Here’s a critical part of the output from tkprof when I recreated the table with 1,000,000 rows – which means 101 partitions – and created a local index on it, before dropping the first 4 partitions and then enabled tracing just before merging the bottom interval partition with the anchor range partition.
update indpart$ set dataobj# = :1, part# = :2, flags = :3, ts# = :4, file# =
:5, block# = :6, pctfree$ = :7, initrans = :8, maxtrans = :9, analyzetime =
:10, samplesize = :11, rowcnt = :12, blevel = :13, leafcnt = :14, distkey =
:15, lblkkey = :16, dblkkey = :17, clufac = :18, pctthres$ = :19
where
obj# = :20
call count cpu elapsed disk query current rows
------- ------ -------- ---------- ---------- ---------- ---------- ----------
Parse 94 0.00 0.00 0 0 0 0
Execute 94 0.00 0.01 0 94 480 94
Fetch 0 0.00 0.00 0 0 0 0
------- ------ -------- ---------- ---------- ---------- ---------- ----------
total 188 0.01 0.01 0 94 480 94
update tabpart$ set dataobj# = :1, part# = :2, ts# = :3, file# = :4, block# =
:5, pctfree$ = :6, pctused$ = :7, initrans = :8, maxtrans = :9, flags = :10,
analyzetime = :11, samplesize = :12, rowcnt = :13, blkcnt = :14, empcnt =
:15, avgspc = :16, chncnt = :17, avgrln = :18
where
obj# = :19
call count cpu elapsed disk query current rows
------- ------ -------- ---------- ---------- ---------- ---------- ----------
Parse 94 0.00 0.00 0 0 0 0
Execute 94 0.00 0.00 0 188 489 94
Fetch 0 0.00 0.00 0 0 0 0
------- ------ -------- ---------- ---------- ---------- ---------- ----------
total 188 0.00 0.00 0 188 489 94
That’s not a lot of work for my little example with less than 100 partitions – but when you’ve got a million of them, with a handful of indexes, and the partitions have been created over time that’s going to turn into a lot of work that’s going to disrupt the shared pool for a long time, generate a lot of redo, and do a lot of disk reads and writes.
So be cautious with interval partitioning – even in 12.2 (and 18.1, possibly) the ease of use may disappear if you realise too late that you’re going to get into a cycle of partition maintenance.
Footnote for composite partitioning – the limits of 2^20-1 segments (hence subpartitions) still applies, but the necessary update is relevant only at the partition level, not at the subpartition level.
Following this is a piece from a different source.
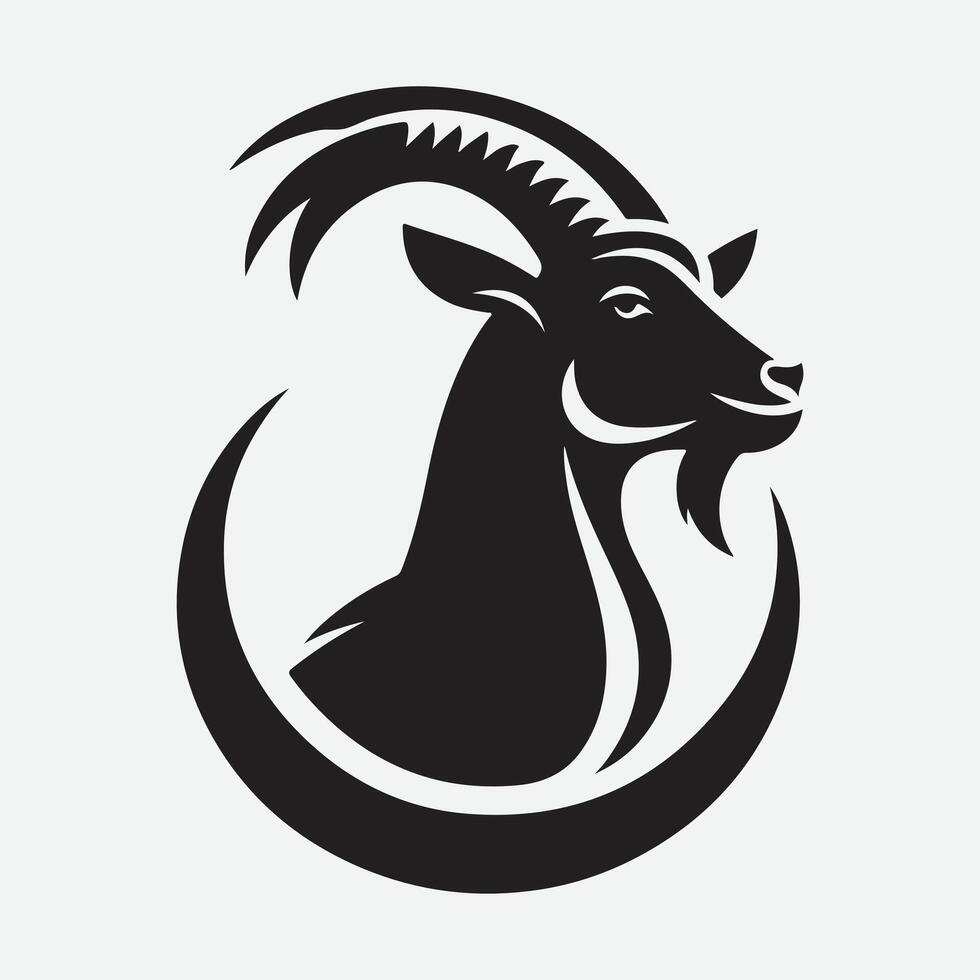 Majestic Goat Silhouette Logo, Emblem of Strength and Grace vector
The objects updated are tabcompart$ and indcompart$.
Update (included for ironic effect)
The day I posted this note my “Oracle Support Hot Topics” email with a report of the following bug:
Bug 19294302 : DBMS_REDEFINITION DOES NOT WORK WITH INTERVAL PARTITIONS
This was reported for 11.2.0.4, fixed in 12.2. The rediscovery information is:
ORA-14024 during copy_table_dep when the interim table is interval partitioned.
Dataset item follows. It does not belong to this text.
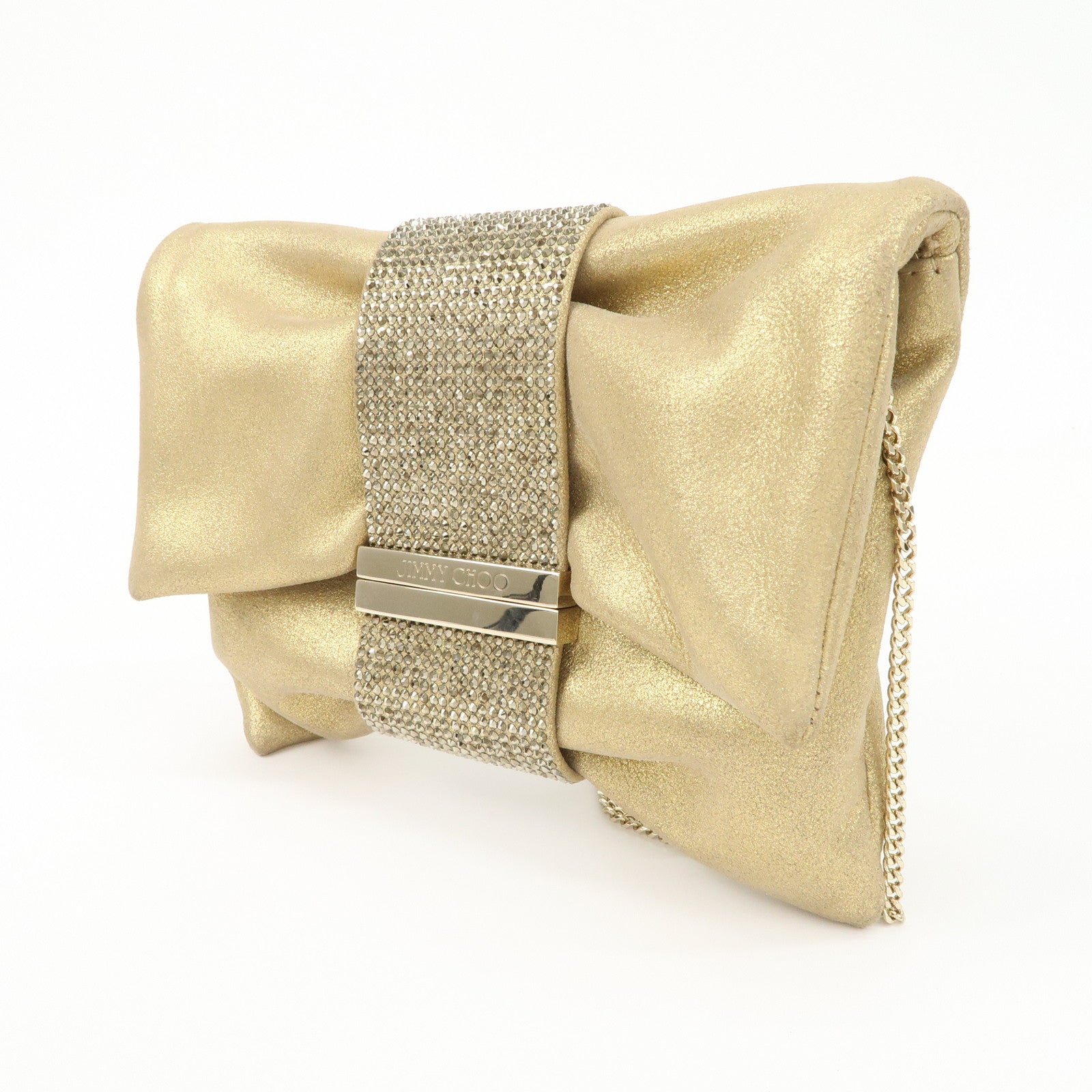 JIMMY CHOO Leather Mini Chain Shoulder Bag Rhine Stone Gold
The problem arises if you change a table from simple range partitioned to range with interval – so might be relevant if you have a strategy of doing the interval/range/interval trick.
Update (Nov 2021)
I’ve just run through the test script again on 21.3.0.0, and the key feature of dropping the “anchor” range partition (i.e. the highest partition that is not an interval partition) is that the lowest interval partition becomes the new anchor (which means it changes to a range partition) and every partition above it has its internal part number (tabpart$.part#) updated.
You probably won’t have an enormous number of interrvals above the anchor (even though there could, in principle, be roughly 1 million), but with even just hundred or so partitions (hourly for a week, say, or daily for a year) this could produce a massive stutter in the library cache as cursors were invalidated and sessions stalled waiting to be able to re-optimize their queries.